От этих слов меня подбросило:

— Бабушка Артамонова? — не поверил своим ушам. — Евдокия Семеновна?

— Да, она… Что с тобой?

— А разве ее не угнали в Германию?

— Нет, конечно. Она же старая.

— Но ведь у нее был уже желтый номер.

— Ну и что же? У многих были такие номера. Перед отправкой в Германию нас еще раз отсортировали.

— А ты случайно не знаешь, где она сейчас?

— Знаю, она живет недалеко от нас.

— Вот здорово! Пойдем — покажи.

— Зачем? — удивилась Тася.

— Как зачем? Повидаться надо. Хочу воскреснуть перед ней из мертвых, как Иисус Христос.

Тася печально покачала головой:

— По-моему, лучше тебе не воскресать. Ведь она работает прислугой у начальника нашего лагеря. Знаешь его? Зверь-человек.

Я вспомнил немецкого офицера с двойным подбородком, в замшевых перчатках, с плеткой в руках и в галифе, похожем на крылья летучей мыши, — и по моей спине пробежали холодные мурашки. Попасться ему на глаза — значит погубить и себя, и маму. Но не пойти к бабушке Артамоновой я тоже не мог. Она нужна мне была вовсе не для того, чтобы «воскреснуть перед ней из мертвых, как Иисус Христос». Когда мы с мамой бежали из газокамеры, то захватили с собой не все свои вещи, а только те, которые попали под руку, остальные — оставили бабушке Артамоновой. В том числе остался у нее мой заветный школьный портфель, за подкладкой которого я запрятал пионерский галстук, о чем не знала даже мама. Наши узлы, заброшенные «эсэсовцем» на чердак бани, кто-то потом привез к Каваляускасам и передал нам, а мой портфельчик так и пропал. Теперь появилась надежда, что он уцелел у бабушки Артамоновой. Но эту тайну я не хотел открывать Тасе.
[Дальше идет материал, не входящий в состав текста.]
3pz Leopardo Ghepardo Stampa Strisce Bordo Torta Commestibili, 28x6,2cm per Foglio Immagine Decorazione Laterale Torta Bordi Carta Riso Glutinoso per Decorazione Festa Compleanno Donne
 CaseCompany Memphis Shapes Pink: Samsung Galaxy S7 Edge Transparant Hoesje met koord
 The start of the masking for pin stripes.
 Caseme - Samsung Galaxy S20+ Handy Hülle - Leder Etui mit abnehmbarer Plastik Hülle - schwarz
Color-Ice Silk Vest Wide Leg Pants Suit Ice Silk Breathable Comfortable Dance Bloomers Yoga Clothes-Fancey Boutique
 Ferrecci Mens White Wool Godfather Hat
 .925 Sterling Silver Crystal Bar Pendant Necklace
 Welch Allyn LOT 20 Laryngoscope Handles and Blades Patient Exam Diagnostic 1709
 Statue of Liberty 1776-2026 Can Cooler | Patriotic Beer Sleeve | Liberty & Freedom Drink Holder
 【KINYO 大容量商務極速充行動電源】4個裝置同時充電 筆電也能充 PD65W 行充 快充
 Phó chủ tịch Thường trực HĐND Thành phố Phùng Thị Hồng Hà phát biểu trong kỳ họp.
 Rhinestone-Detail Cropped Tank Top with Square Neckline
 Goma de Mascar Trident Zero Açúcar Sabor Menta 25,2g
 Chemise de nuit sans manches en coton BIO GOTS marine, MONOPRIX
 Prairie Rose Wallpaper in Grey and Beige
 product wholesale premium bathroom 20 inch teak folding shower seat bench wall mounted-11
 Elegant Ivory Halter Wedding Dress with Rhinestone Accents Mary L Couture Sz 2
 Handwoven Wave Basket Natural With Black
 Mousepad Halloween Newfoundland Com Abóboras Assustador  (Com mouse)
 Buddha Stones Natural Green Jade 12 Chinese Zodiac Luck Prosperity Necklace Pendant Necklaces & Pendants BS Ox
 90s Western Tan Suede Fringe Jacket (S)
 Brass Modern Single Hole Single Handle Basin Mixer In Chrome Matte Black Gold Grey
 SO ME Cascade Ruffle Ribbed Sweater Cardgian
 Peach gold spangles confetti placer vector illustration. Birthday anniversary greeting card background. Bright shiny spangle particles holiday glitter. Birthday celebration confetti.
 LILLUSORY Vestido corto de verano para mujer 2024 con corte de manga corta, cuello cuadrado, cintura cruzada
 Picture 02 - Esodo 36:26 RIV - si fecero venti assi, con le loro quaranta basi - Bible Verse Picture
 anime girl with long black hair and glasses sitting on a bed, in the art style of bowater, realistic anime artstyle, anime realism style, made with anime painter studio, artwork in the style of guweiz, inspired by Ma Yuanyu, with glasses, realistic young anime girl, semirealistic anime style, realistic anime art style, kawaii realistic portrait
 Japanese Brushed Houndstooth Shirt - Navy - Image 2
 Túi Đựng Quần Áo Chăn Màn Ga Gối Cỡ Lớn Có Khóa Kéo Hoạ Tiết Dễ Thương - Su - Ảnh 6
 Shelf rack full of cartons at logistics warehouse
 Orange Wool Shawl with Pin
— Вот что, — после некоторого раздумья сказал я ей, — ты все-таки покажи мне, где живет бабушка Артамонова. А чтобы мне не попасться на глаза начальнику лагеря, зайди вначале ты и узнай, дома ли хозяин. Можешь это сделать?

Тася пожала плечами:

— Могу, конечно. Но не понимаю, зачем тебе это надо.

— Потом поймешь. Пойдем!

Мы одновременно соскочили со скамейки и направились к бабушке Артамоновой. Вскоре подошли к высокому каменному дому с мезонином, огороженному крашеным штакетником.

— Вот здесь она живет, — Тася показала пальчиком: — А вот и она сама!

Действительно, на открытой веранде стояла Евдокия Семеновна и усердно чистила щеткой хромовые сапоги. Меня охватило волнение.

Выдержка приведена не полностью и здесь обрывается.